Dataset entries Start Marker

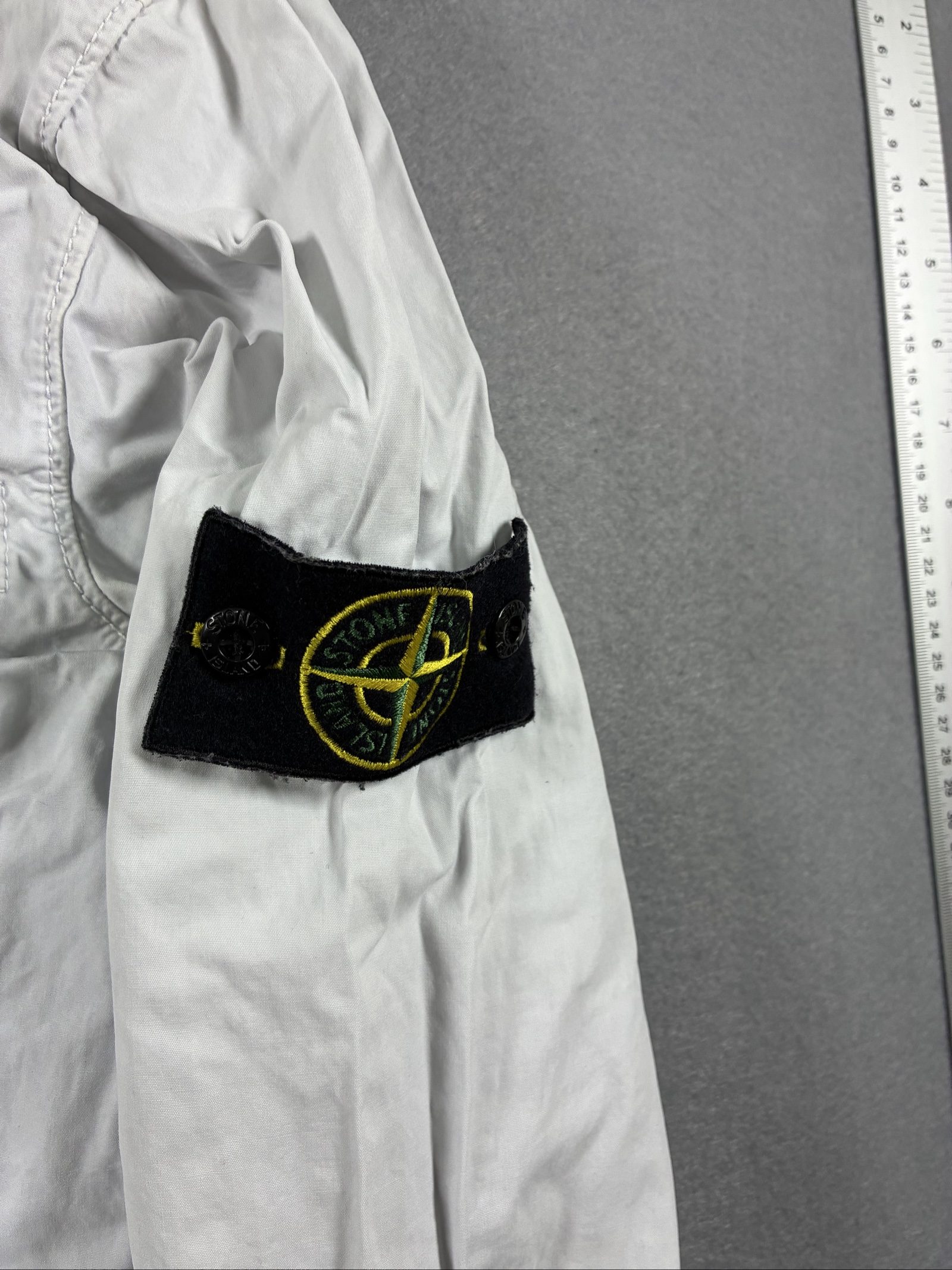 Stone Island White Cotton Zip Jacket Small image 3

Dataset entries End Marker
Dataset entries Start Marker

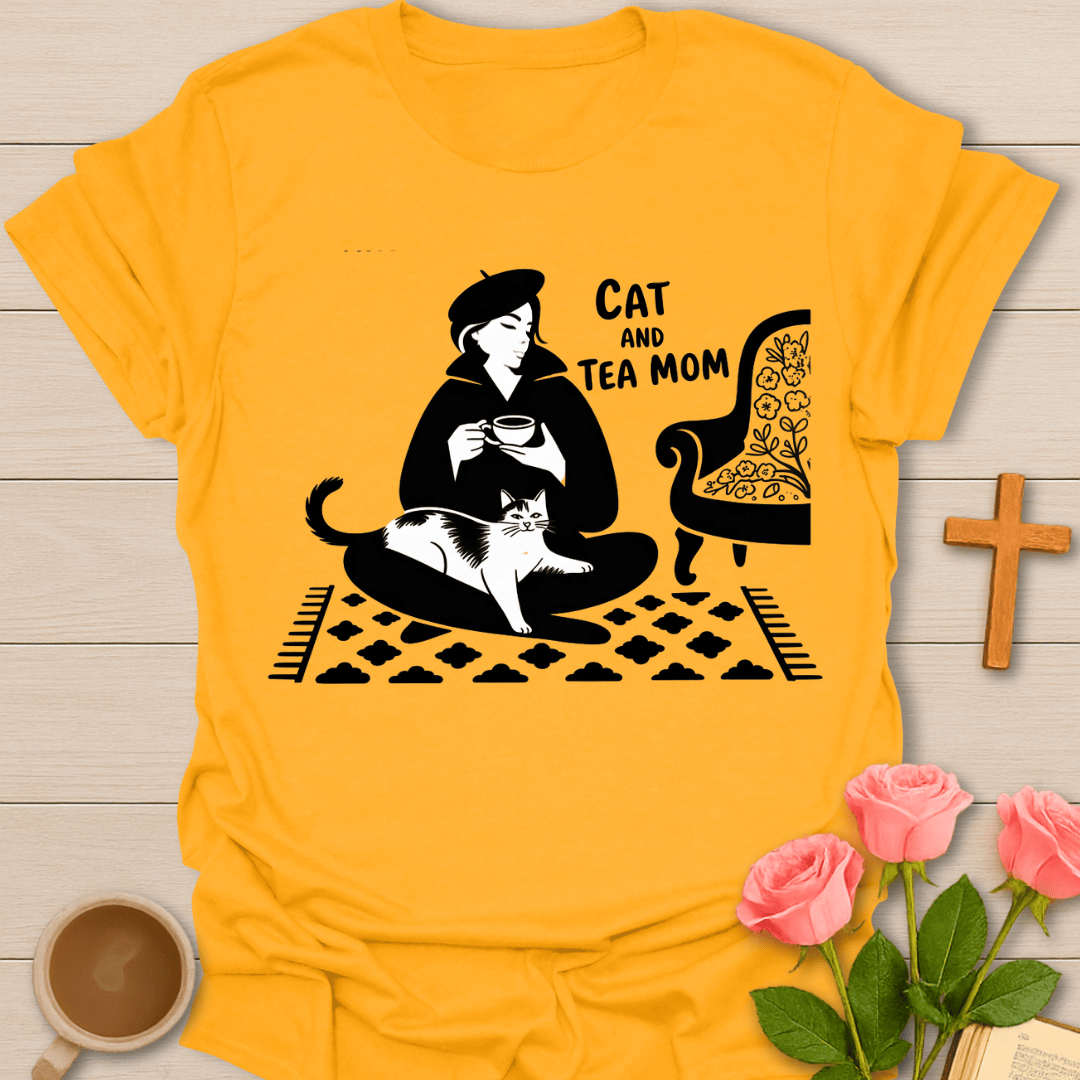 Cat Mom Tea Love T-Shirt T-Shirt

Dataset entries End Marker
Dataset entries Start Marker

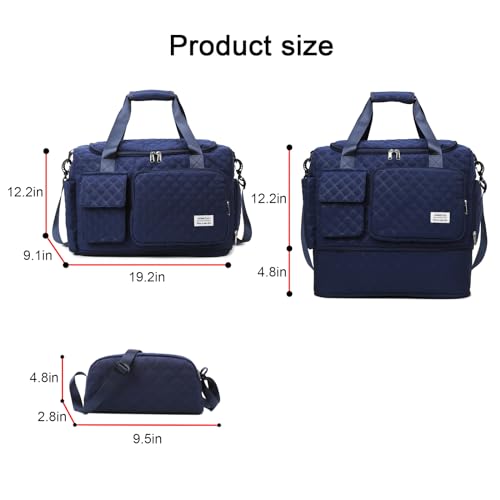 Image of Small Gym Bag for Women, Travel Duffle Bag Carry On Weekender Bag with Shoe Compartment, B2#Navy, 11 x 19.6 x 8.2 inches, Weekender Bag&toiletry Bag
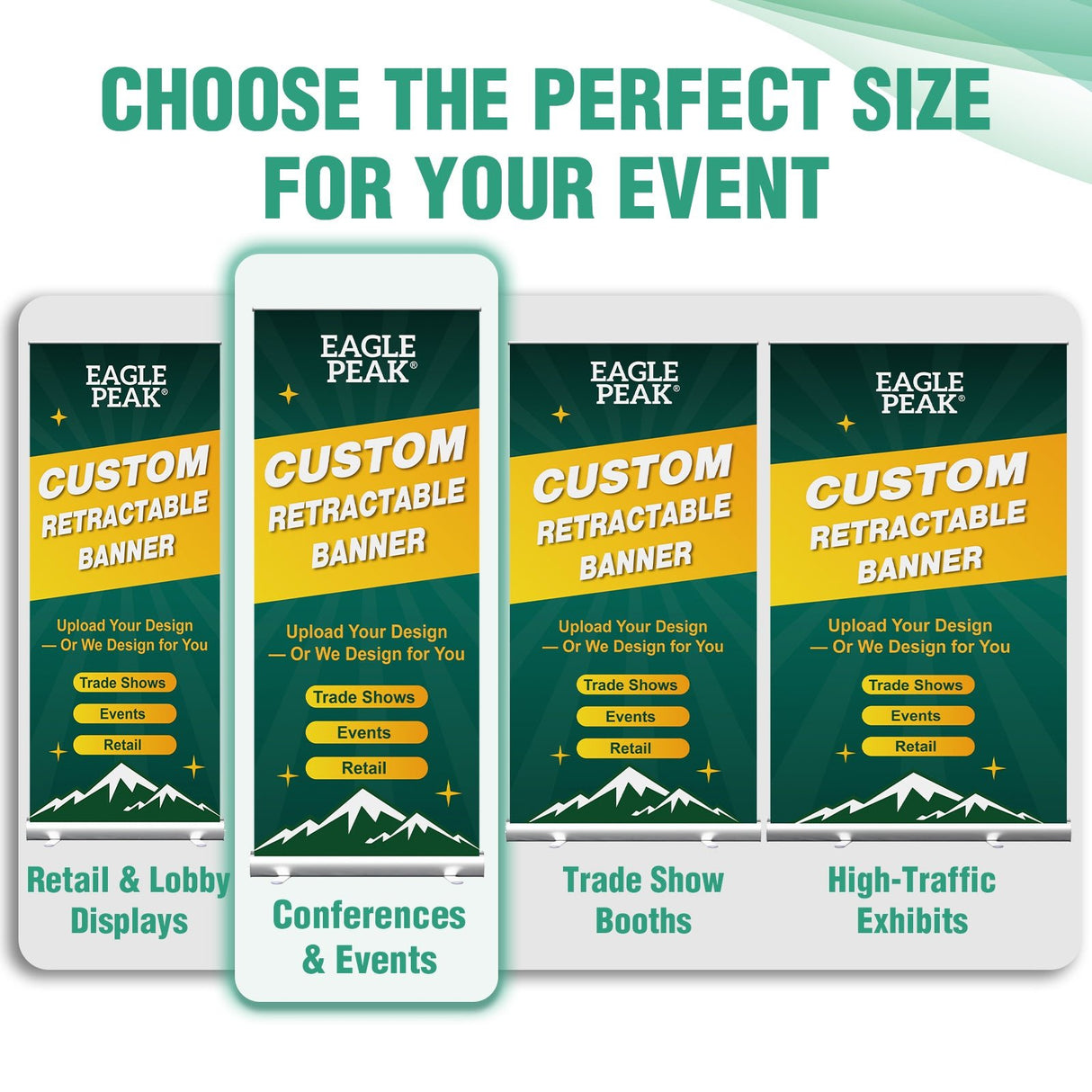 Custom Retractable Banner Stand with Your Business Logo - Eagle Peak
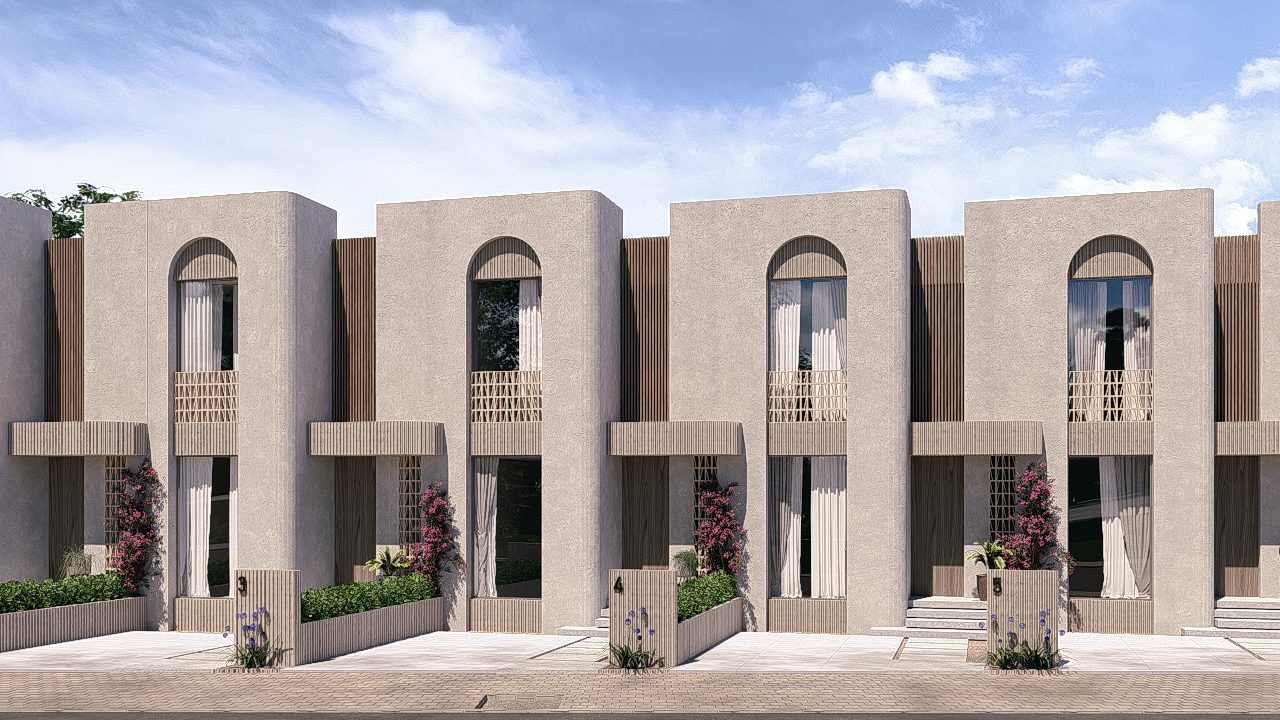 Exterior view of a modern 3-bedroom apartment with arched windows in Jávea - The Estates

Dataset entries End Marker

Every line above from the one with "Custom Retractable Banner" down to the one with "Exterior view of" must be written out exactly, and no picture may appear.

 Custom Retractable Banner Stand with Your Business Logo - Eagle Peak
 Exterior view of a modern 3-bedroom apartment with arched windows in Jávea - The Estates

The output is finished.